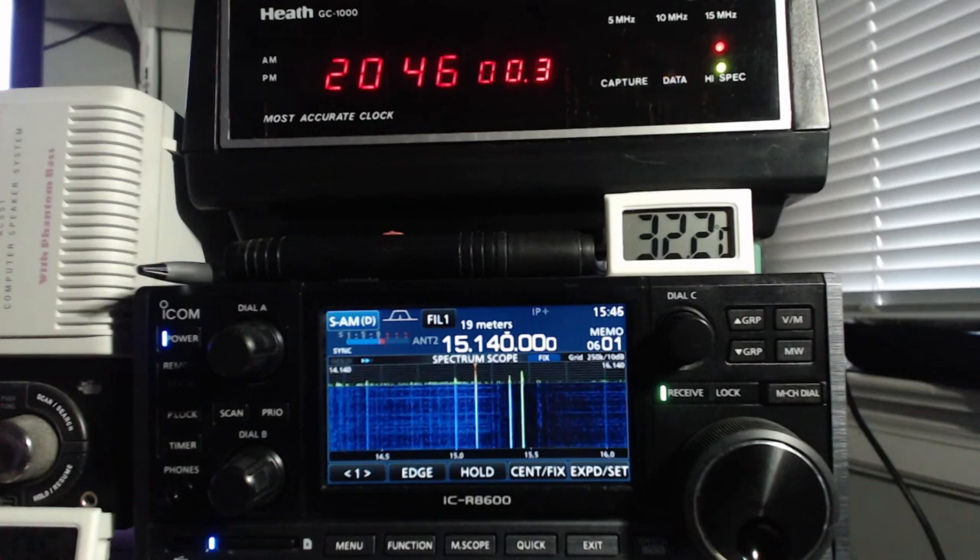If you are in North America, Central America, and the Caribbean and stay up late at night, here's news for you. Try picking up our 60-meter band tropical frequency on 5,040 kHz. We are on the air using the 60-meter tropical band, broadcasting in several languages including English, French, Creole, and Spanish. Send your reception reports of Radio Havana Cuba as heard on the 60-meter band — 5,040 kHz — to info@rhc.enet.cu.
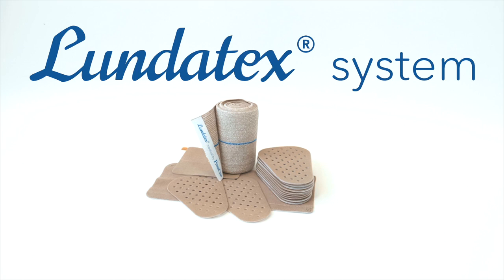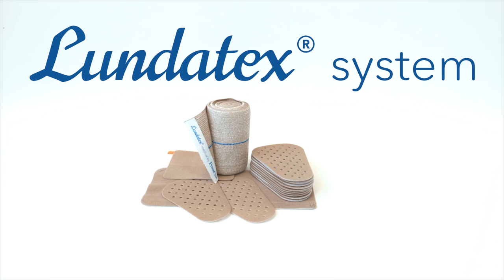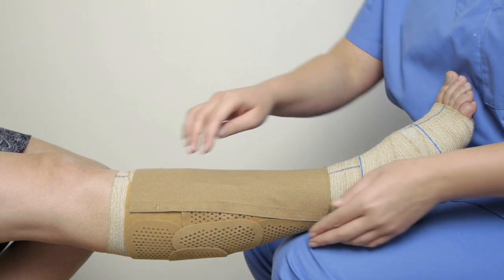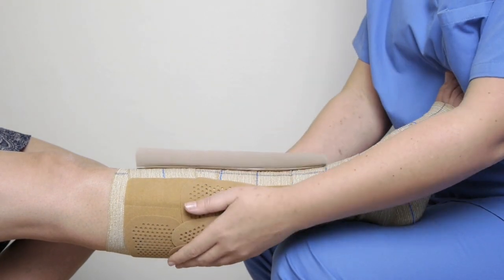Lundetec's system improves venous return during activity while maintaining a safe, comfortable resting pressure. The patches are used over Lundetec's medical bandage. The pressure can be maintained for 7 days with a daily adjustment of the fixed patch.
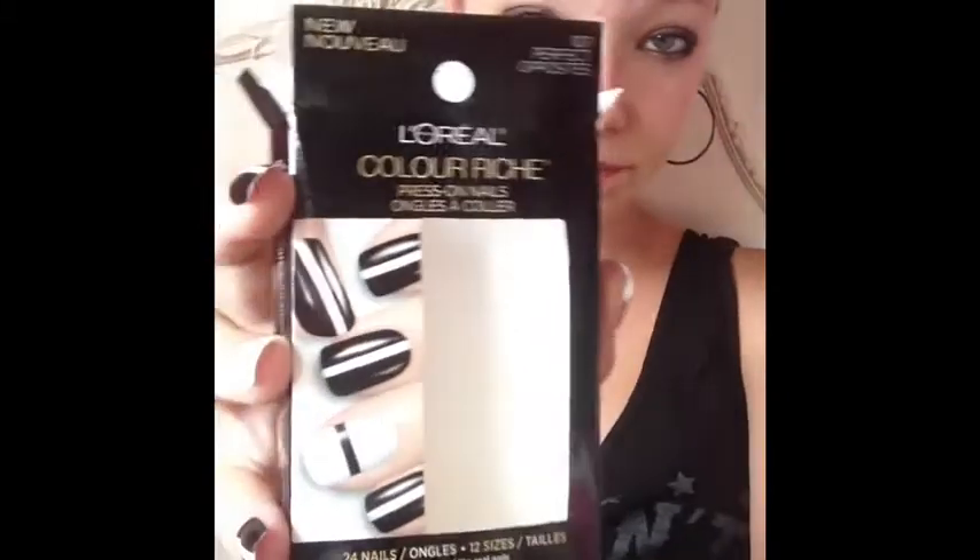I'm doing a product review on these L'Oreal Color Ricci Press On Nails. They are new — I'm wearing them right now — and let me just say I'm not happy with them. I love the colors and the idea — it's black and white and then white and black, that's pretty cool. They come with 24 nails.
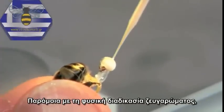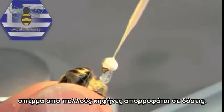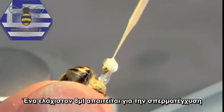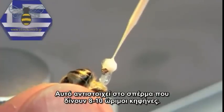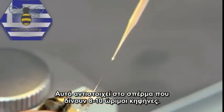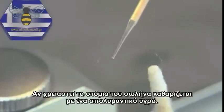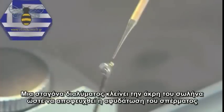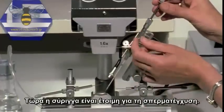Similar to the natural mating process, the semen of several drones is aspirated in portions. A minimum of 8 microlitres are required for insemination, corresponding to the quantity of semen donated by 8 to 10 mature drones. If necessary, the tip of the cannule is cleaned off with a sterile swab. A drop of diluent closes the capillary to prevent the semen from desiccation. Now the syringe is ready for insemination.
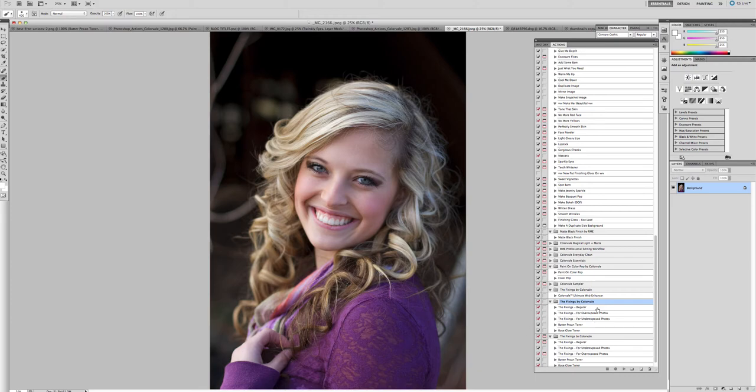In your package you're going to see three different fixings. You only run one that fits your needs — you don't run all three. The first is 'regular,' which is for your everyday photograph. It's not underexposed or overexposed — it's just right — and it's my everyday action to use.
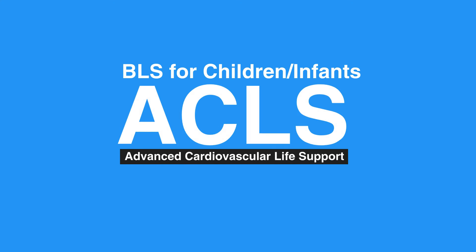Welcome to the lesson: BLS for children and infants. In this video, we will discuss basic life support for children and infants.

**What is being asked**
Reproduce word for word the lines from the line with "I'm doing a" to the end of the entries above, both included, but leave the pictures out.

**Expected answer**
I'm doing a product review on these L'Oreal Color Ricci Press On Nails. They are new — I'm wearing them right now — and let me just say I'm not happy with them. I love the colors and the idea — it's black and white and then white and black, that's pretty cool. They come with 24 nails.
Similar to the natural mating process, the semen of several drones is aspirated in portions. A minimum of 8 microlitres are required for insemination, corresponding to the quantity of semen donated by 8 to 10 mature drones. If necessary, the tip of the cannule is cleaned off with a sterile swab. A drop of diluent closes the capillary to prevent the semen from desiccation. Now the syringe is ready for insemination.
In your package you're going to see three different fixings. You only run one that fits your needs — you don't run all three. The first is 'regular,' which is for your everyday photograph. It's not underexposed or overexposed — it's just right — and it's my everyday action to use.
Welcome to the lesson: BLS for children and infants. In this video, we will discuss basic life support for children and infants.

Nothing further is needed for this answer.